[Written for Mr. Showbiz]
Given world enough and time, Jim Thompson the pulp Camus (The Getaway, After Dark My Sweet) would have got round to writing about a poor Thompsonian schlub in Hokkaido, in the snowy north of Japan. Meanwhile, the protagonist of Masahiro Kobayashi’s Film Noir will do. He lost his job a while ago but, instead of admitting it to his wife, has been leaving their nifty A-frame every morning and pretending to drive off to work. Real destination: a mini–Las Vegas at a nearby mall, where he sits all day playing pachinko and hoping to win enough to keep them afloat. One day the place is unexpectedly closed. As our hero sits in his car trying to decide what else to do with his life, a spooky loner appears out of nowhere and makes him an offer. Why not turn hitman? Here’s a guy’s picture, here’s a gun, here’s even a set of instructional videos to get you started….

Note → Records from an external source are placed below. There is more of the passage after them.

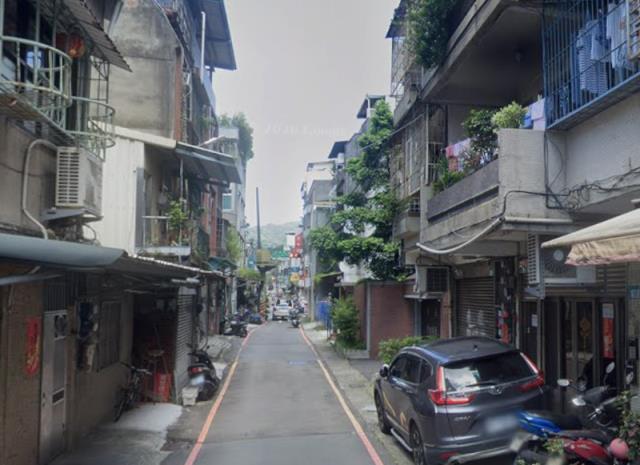 樹林拍賣公寓-6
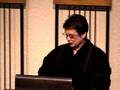 Laurel Hallman for UUA President
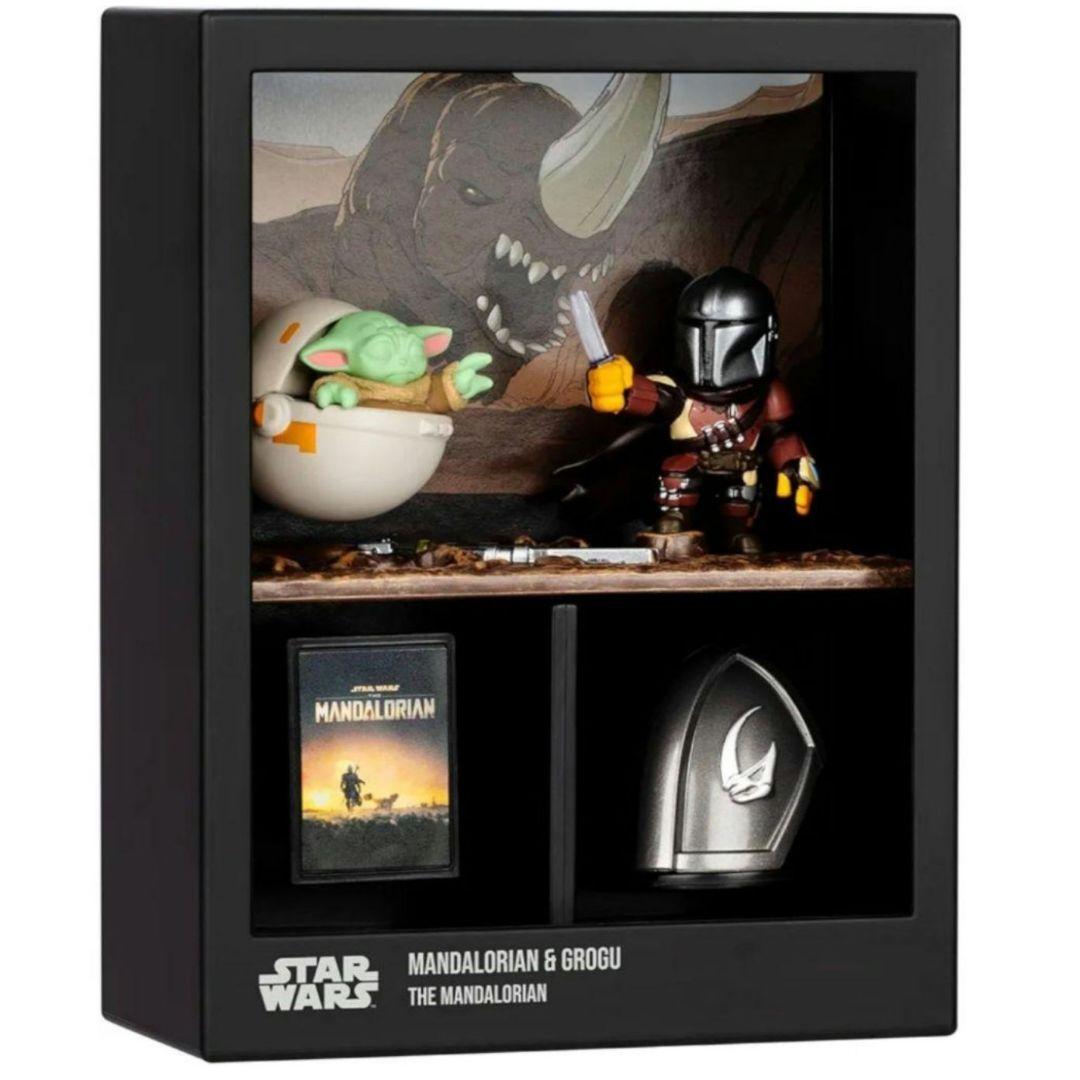 【海外限定】スターウォーズ『シスの復讐』『マンダロリアン』『クローンウォーズ』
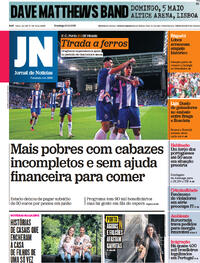 Jornal de Notícias - 2023-09-24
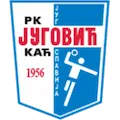 RK Jugovic logo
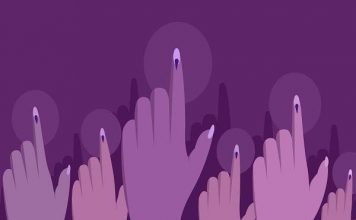 How Low Can The Politicians’ Stoop? Elections 2019 Politicians voting Elections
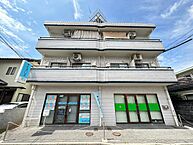 広島県広島市中区舟入南2丁目：物件画像／株式会社良和ハウス　横川駅前店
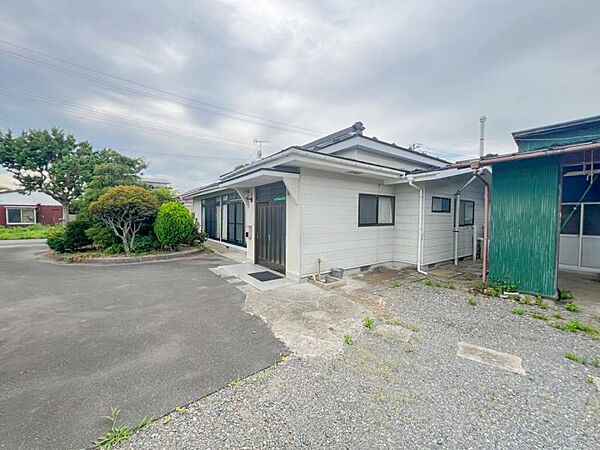 detached 宮城県遠田郡涌谷町字新中島乙
地図を見る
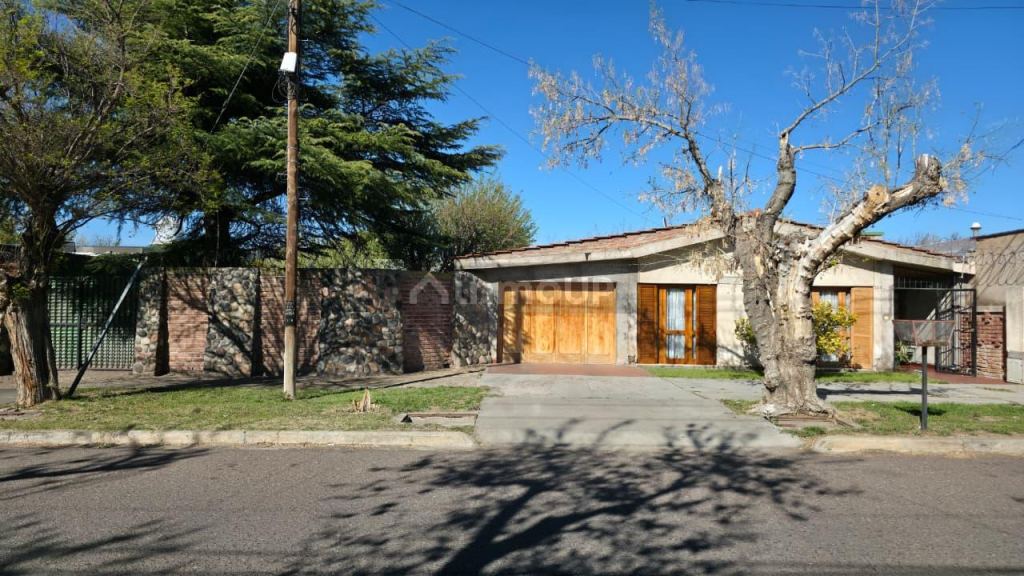 Casa en Venta en San Rafael, Mendoza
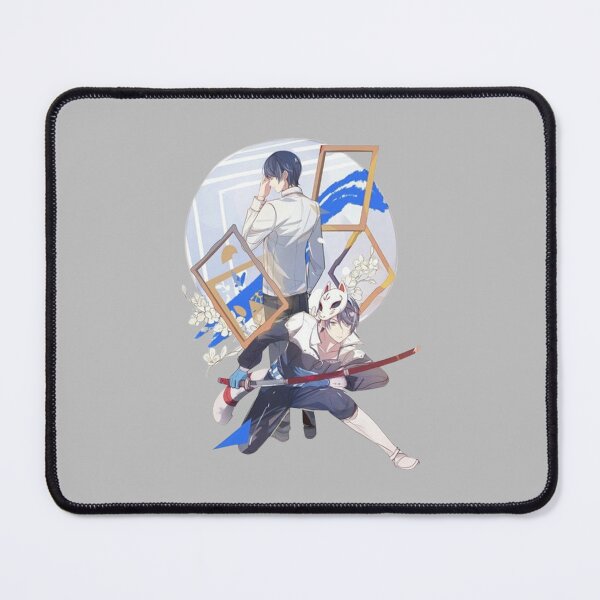 Item preview, Yusuke Kitagawa - Persona 5 designed and sold by Caglazimmermann.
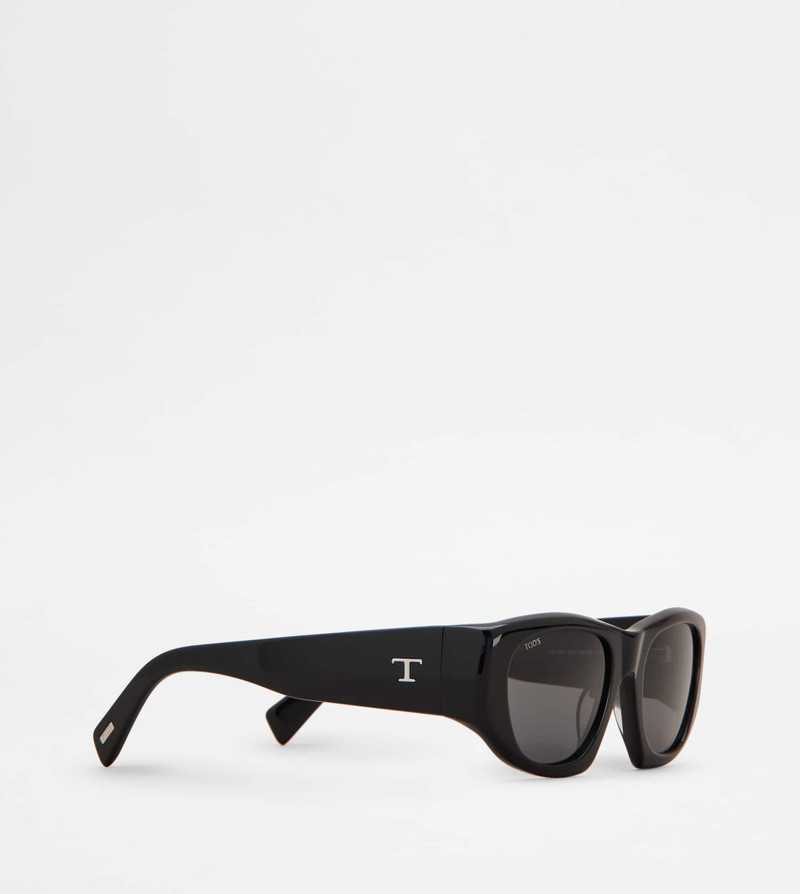 SUNGLASSES - BLACK 3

The videos, as it happens, are Jean-Pierre Melville movies, and Kobayashi’s film is dedicated to the auteur of Le Samouraï, Bob le Flambeur, et al. Kobayashi himself isn’t in that league, but he has a clean eye for absurdist compositions and gets some lustrous effects, especially with startling washes of color, amid the blue-white snowfields and always empty landscape. Mostly the tone of his storytelling is lighter than either Melville or Thompson would have appreciated; indeed, much of Film Noir plays less like its namesake and more as a comedy. Still, the movie’s metaphor for bourgeois frustration and the hopelessness of escape is an honorable addition to noir’s glossary of despair.